Beberapa petani mengadakan sebuah kerja sama dalam pengelolaan dan penanaman kebun mereka. Tak urung, di dalam tanah itu ditanami berbagai jenis tanaman secara tumpangsari, seperti jahe (empon-empon), mangga, delima dan anggur kediri.
Semua jenis tanaman ini ternyata menghasilkan panen yang cukup lumayan pada setiap kali musim petiknya. Sumber asal pengairan dari kebun mereka diperoleh dari sumur dengan jalan menyedotnya menggunakan mesin tenaga diesel.
Permasalahan mereka adalah, apakah nishab zakat dari hasil panen ini dihitung untuk tiap-tiap jenis tanamannya pada setiap musim. Ataukah dihitung berdasarkan hasil penjumlahan total seluruh hasil panen?
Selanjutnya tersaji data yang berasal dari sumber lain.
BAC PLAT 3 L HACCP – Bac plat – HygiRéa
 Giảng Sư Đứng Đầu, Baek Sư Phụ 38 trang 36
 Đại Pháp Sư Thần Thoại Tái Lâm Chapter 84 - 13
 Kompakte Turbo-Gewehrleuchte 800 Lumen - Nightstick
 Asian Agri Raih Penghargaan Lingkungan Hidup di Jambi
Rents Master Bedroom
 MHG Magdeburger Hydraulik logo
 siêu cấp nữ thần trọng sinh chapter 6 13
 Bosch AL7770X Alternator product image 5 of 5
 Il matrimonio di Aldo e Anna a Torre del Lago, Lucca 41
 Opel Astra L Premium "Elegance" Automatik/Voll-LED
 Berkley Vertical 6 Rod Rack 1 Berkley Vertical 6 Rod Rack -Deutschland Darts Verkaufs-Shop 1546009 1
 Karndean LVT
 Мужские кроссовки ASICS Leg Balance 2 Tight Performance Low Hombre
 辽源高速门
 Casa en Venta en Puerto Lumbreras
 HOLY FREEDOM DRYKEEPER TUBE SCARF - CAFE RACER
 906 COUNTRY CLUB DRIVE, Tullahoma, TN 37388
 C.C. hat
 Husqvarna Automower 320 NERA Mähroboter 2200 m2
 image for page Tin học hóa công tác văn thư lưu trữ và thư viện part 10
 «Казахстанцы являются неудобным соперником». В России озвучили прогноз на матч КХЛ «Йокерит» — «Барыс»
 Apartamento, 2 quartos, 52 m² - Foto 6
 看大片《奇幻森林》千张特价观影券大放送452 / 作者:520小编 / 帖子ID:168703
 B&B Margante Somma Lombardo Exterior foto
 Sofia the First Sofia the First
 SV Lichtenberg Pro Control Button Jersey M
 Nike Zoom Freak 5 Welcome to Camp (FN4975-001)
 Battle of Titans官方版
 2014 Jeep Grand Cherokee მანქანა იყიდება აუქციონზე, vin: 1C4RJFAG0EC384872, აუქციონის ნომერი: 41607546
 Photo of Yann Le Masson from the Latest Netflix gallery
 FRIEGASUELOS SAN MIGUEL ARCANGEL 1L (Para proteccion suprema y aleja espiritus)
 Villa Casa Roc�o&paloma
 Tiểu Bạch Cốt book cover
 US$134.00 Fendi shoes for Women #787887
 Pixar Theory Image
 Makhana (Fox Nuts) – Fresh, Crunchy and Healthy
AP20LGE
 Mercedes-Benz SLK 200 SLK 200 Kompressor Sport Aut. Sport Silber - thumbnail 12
Pertanyaan ini lahir, mengingat tanaman tersebut dihasilkan dari hasil kerjasama antara petani penggarap dengan pemilik lahan (syirkah).
Penentuan Nishab Harta Zakat Syirkah Pertanian
Hukum asal ketentuan mengeluarkan zakat, adalah wajib mengeluarkannya sesuai dengan jenis harta zakat yang hendak dizakati. Kecuali emas, perak dan zakat tijarah, maka boleh dengan qimah (nilai rupiah).
الأصل أن تخرج الزكاة مِن جِنس المال المُزَكَّى عنه لكل مال على حِدَتِه
“Hukum asal kewajiban mengeluarkan zakat adalah harus dari jenis harta yang wajib dizakati. Yaitu ketika masing-masing harta tersebut telah mencapai batas wajib zakat.”
Hal ini disandarkan pada sabda Nabi Muhammad saw. kepada sahabat Mu’adz bin Jabal ra. saat diutus ke negeri Yaman:
خُذِ الْحَبَّ مِنَ الْحَبِّ، وَالشَّاةَ مِنَ الْغَنَمِ، وَالْبَعِيرَ مِنَ الإِبِلِ، وَالْبَقَرَةَ مِنَ الْبَقَرِ
“Ambillah zakat biji-bijian dari jenis biji-bijian, kambing dari kambing, onta dari onta dan sapi dari sapi.” HR. Abu Dawud dan Ibnu Majah, al-Hakim dan al-Baihaqy.
Al-Hakim di dalam al-Mustadrak-nya mengomentari bahwa: sanad hadis ini adalah shahih mengikut ketentuan dari Imam Bukhari-Muslim. Dengan catatan jika benar apa yang didengar oleh Atha’ bin Yasar dari Muadz bin Jabal radliyallahu ‘anhum.” (Ibnu Mulqan, Al-Badru al-Munir fi Takhrij Ahaditsi al-Syarh al-Kabir, Beirut: Dar al-Kutub al-Ilmiyyah, tt., Juz 4, halaman 75).
Sementara itu, Al-Baihaqy di dalam al-Khilafiyat (nama salah satu kitabnya) menyatakan bahwa para perawi hadis di atas dihukumi sebagai tsiqah (kuat hafalannya dan bisa dipercaya). Alhasil, berdasar ketentuan hadits ini, maka disepakati bahwa harta zakat harus dikeluarkan dari jenis harta itu sendiri.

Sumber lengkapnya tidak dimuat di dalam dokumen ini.